Restrict network access to the EMS management interface. If the EMS management port (default TCP 8013 or 443 depending on deployment) is reachable from any network segment other than a dedicated management VLAN or jump host, implement an access control rule to restrict it immediately. Internet exposure must be eliminated before patching is complete.

Review EMS access logs for anomalous activity going back to 24 March. The confirmed exploitation window begins on 24 March for CVE-2026-21643 and 31 March for CVE-2026-35616. Pull authentication logs, API access logs, and administrative action logs for that period. Look for authentication events from unexpected source IPs, configuration changes not initiated by known administrators, and unusual endpoint policy pushes.

If compromise indicators are found, isolate and treat as a full incident. A compromised EMS server should not be remediated in place by patching alone. The management infrastructure should be isolated, forensically imaged, and rebuilt from a known-good state. Any endpoints that received policy updates during the suspect window should be investigated for tampered configurations.

◆ Key Takeaway

The response sequence is: verify version → restrict management network access → apply hotfix → review logs from 24 March onward → escalate if indicators of compromise are found. Do not treat patching alone as sufficient if the EMS was exposed during the exploitation window.

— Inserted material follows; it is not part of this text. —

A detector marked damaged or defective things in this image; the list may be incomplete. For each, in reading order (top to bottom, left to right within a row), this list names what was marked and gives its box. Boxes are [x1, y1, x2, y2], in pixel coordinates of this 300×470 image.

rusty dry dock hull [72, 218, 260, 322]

Regulatory Implications Under the Swiss ISA

Swiss organisations subject to the mandatory incident reporting obligation under the Information Security Act — which covers critical infrastructure operators across finance, energy, healthcare, transport, and telecommunications — must assess whether a confirmed or suspected compromise of their FortiClient EMS constitutes a reportable incident. The ISA requires notification to the NCSC within 24 hours of discovering a significant cyber incident affecting the availability, confidentiality, or integrity of systems essential to the organisation's critical functions.

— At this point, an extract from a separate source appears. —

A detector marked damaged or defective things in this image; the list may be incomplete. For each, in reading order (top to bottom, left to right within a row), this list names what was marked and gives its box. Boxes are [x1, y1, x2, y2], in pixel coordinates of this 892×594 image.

A compromise of an endpoint management server that has authority over all managed workstations almost certainly meets the threshold for "significant impact on information systems." FINMA-supervised institutions face the additional obligation to report to FINMA within 24 hours of an incident detection, with the option of routing that notification through the NCSC for simultaneous forwarding as permitted under the coordination mechanism introduced with the ISA framework. Organisations that are uncertain about their reporting obligations in this scenario should consult their legal counsel and CISO before concluding that no report is required.

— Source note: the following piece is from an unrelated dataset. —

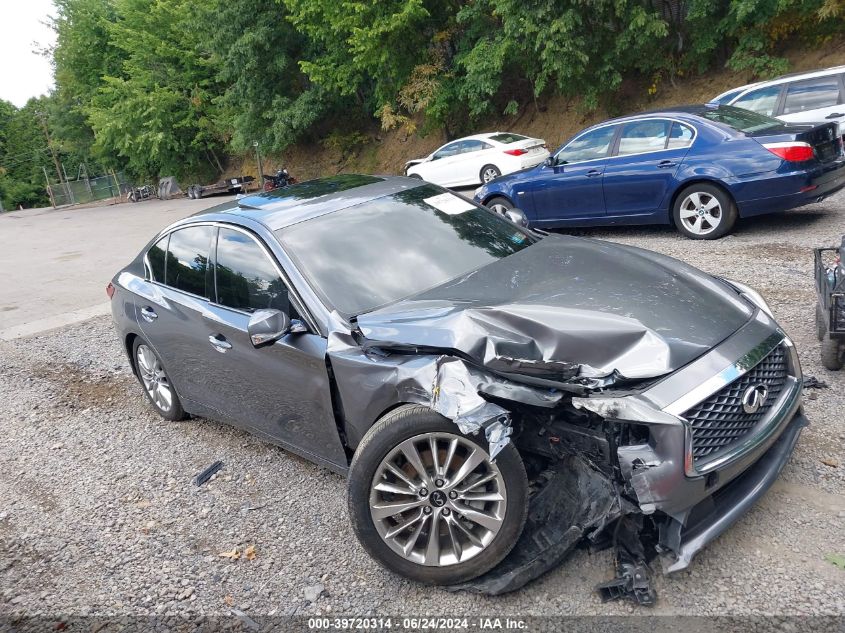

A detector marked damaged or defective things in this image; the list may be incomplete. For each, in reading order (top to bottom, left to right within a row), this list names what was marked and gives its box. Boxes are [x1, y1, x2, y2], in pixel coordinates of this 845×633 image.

crumpled hood [356, 235, 752, 386]
damaged headlight [720, 276, 772, 316]
gray damaged sedan [109, 173, 808, 604]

The Pattern Behind the Headlines

This is the third critical management-plane zero-day documented in this publication in five weeks: Cisco FMC in March, and now two consecutive Fortinet EMS vulnerabilities in April. The pattern is not coincidental. Security management infrastructure — the systems that have authority over the security controls protecting everything else — is an extremely high-value target for sophisticated threat actors, including ransomware groups. Compromise of a management plane provides both the access and the authority needed to disable defensive controls, stage data exfiltration, and deploy ransomware payloads at scale across an entire environment.

Swiss CISOs and security architects should take the pattern as a signal to audit the network exposure and patching posture of all security management infrastructure — not just FortiClient EMS. Firewall management consoles, SIEM platforms, EDR management servers, backup management interfaces, and privileged access management systems all represent the same category of high-value target. None of them should be internet-exposed. All of them should be on dedicated management network segments with access restricted to named, authenticated administrators via monitored jump hosts. The vulnerabilities change week to week. The architectural principle that limits their blast radius does not.